> **What is required**: The records that follow are to be repeated exactly, with no pictures carried over.

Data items
■ ■ ■ ■ ■ ■ ■
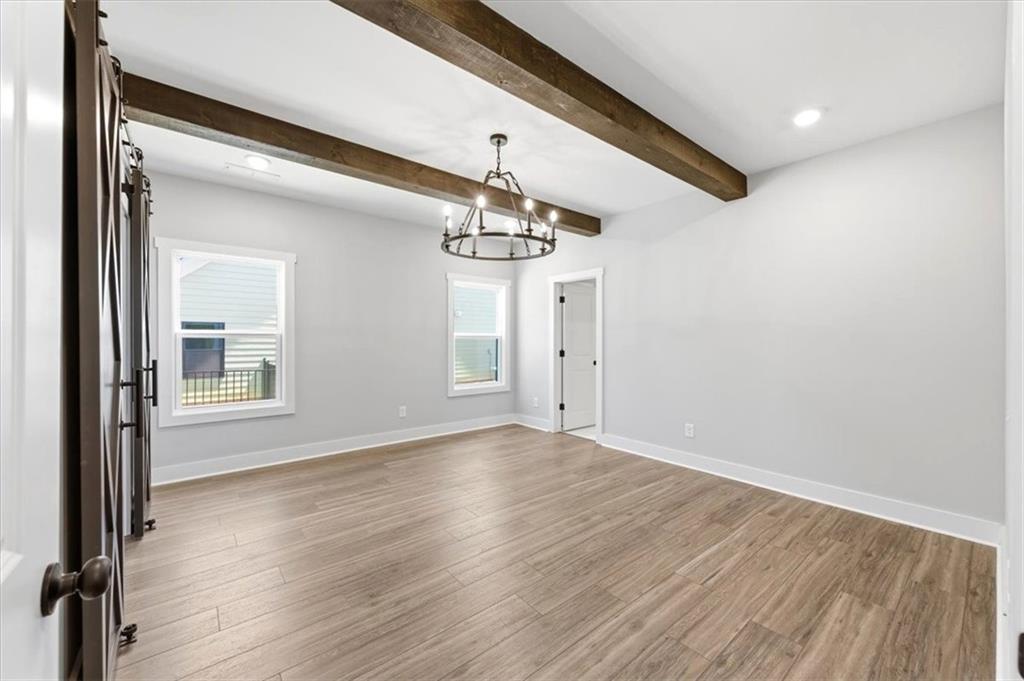 141 Old Alabama Road Southeast Emerson, GA 30137 - Photo 9 of 47 a view of a room with wooden floor chandelier and windows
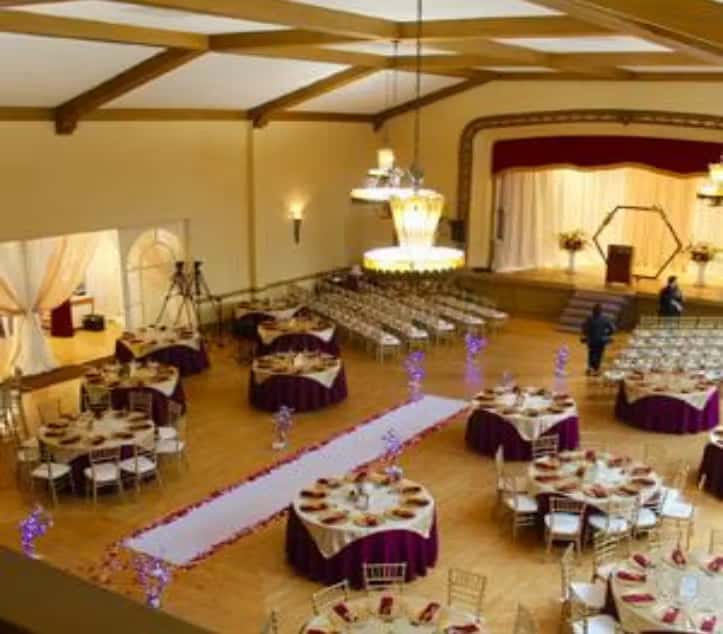 Grand ballroom event space with elevated stage, chandeliers, and sophisticated banquet seating arrangement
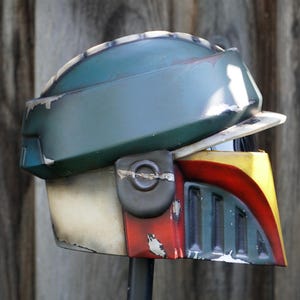 K&ouml;nnte beinhalten: Ein verwitterter Helm in Gr&uuml;n-, Gelb-, Rot- und Off-White-T&ouml;nen. Der Helm hat ein Visier und eine abgerundete Oberseite mit sichtbaren Gebrauchsspuren, was auf eine kampferprobte &Auml;sthetik hindeutet. Das Design erinnert an eine Weltraumfigur.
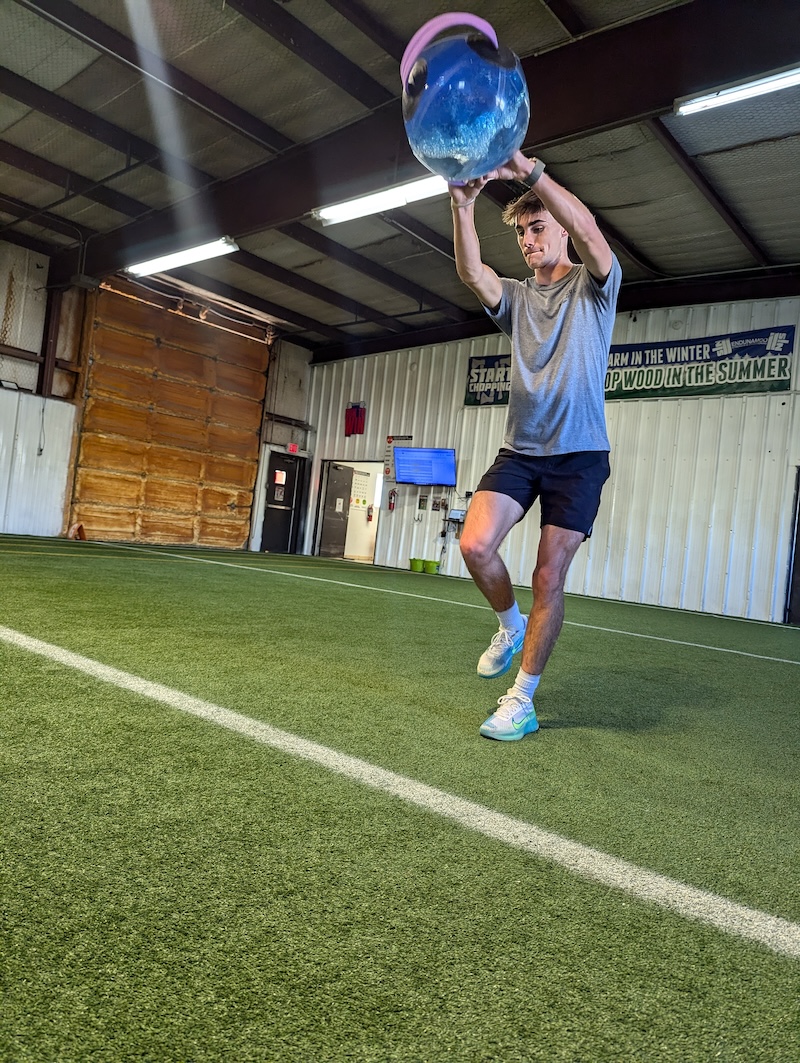 Balancing on one leg, athlete performs swing exercise with a water-based weight system.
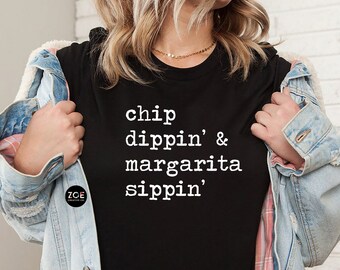 May include: Black t-shirt with white text that reads "chip dippin' & margarita sippin'".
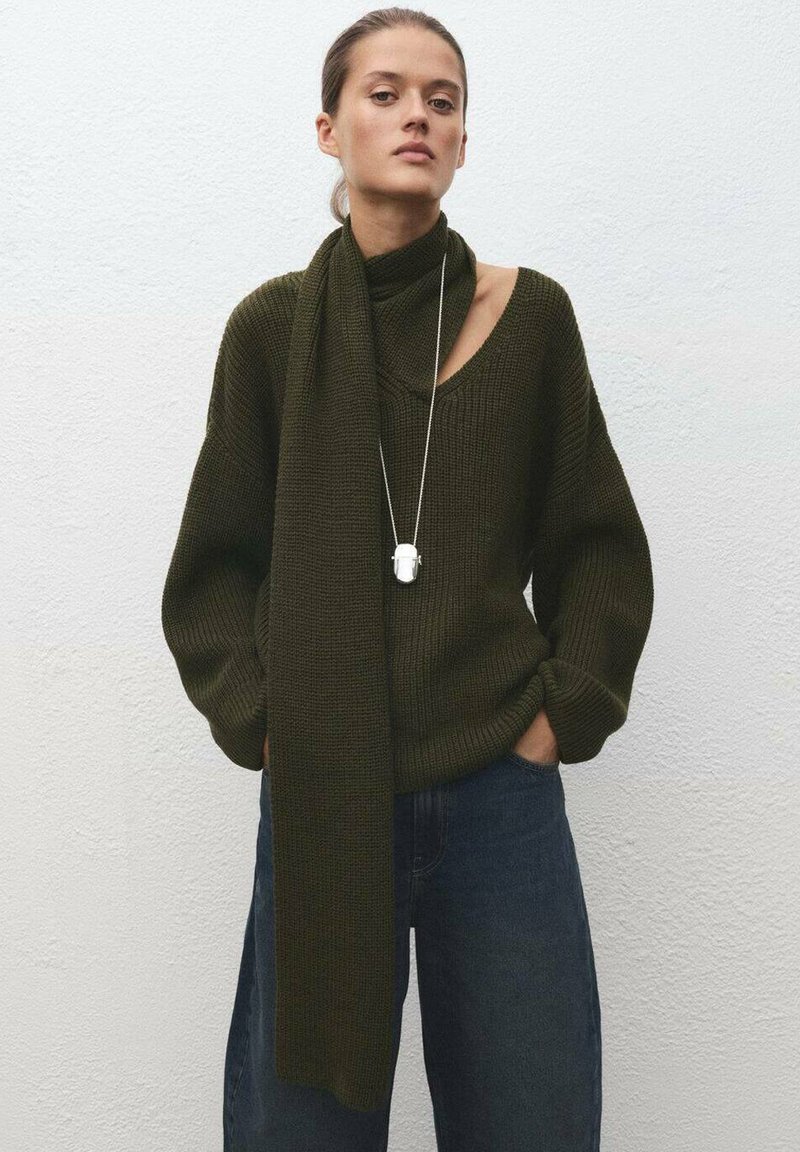 Maglione verde scuro lavorato a maglia con taglio oversize e scollo ampio, abbinato a una sciarpa coordinata. La modella indossa jeans e una collana d'argento.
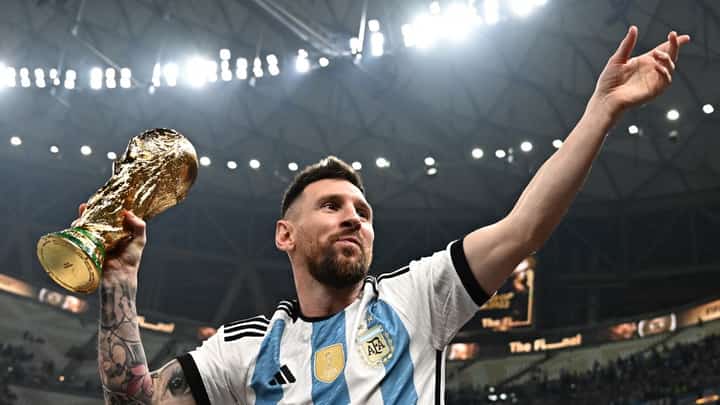 LIONEL Messi displays the trophy after leading Argentina to a dramatic penalty shootout victory over France in the final of the World Cup. Photo by Anne-Christine POUJOULAT / AFP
■ ■ ■ ■ ■ ■ ■
> **Output of the exercise**:
 141 Old Alabama Road Southeast Emerson, GA 30137 - Photo 9 of 47 a view of a room with wooden floor chandelier and windows
 Grand ballroom event space with elevated stage, chandeliers, and sophisticated banquet seating arrangement
 K&ouml;nnte beinhalten: Ein verwitterter Helm in Gr&uuml;n-, Gelb-, Rot- und Off-White-T&ouml;nen. Der Helm hat ein Visier und eine abgerundete Oberseite mit sichtbaren Gebrauchsspuren, was auf eine kampferprobte &Auml;sthetik hindeutet. Das Design erinnert an eine Weltraumfigur.
 Balancing on one leg, athlete performs swing exercise with a water-based weight system.
 May include: Black t-shirt with white text that reads "chip dippin' & margarita sippin'".
 Maglione verde scuro lavorato a maglia con taglio oversize e scollo ampio, abbinato a una sciarpa coordinata. La modella indossa jeans e una collana d'argento.
 LIONEL Messi displays the trophy after leading Argentina to a dramatic penalty shootout victory over France in the final of the World Cup. Photo by Anne-Christine POUJOULAT / AFP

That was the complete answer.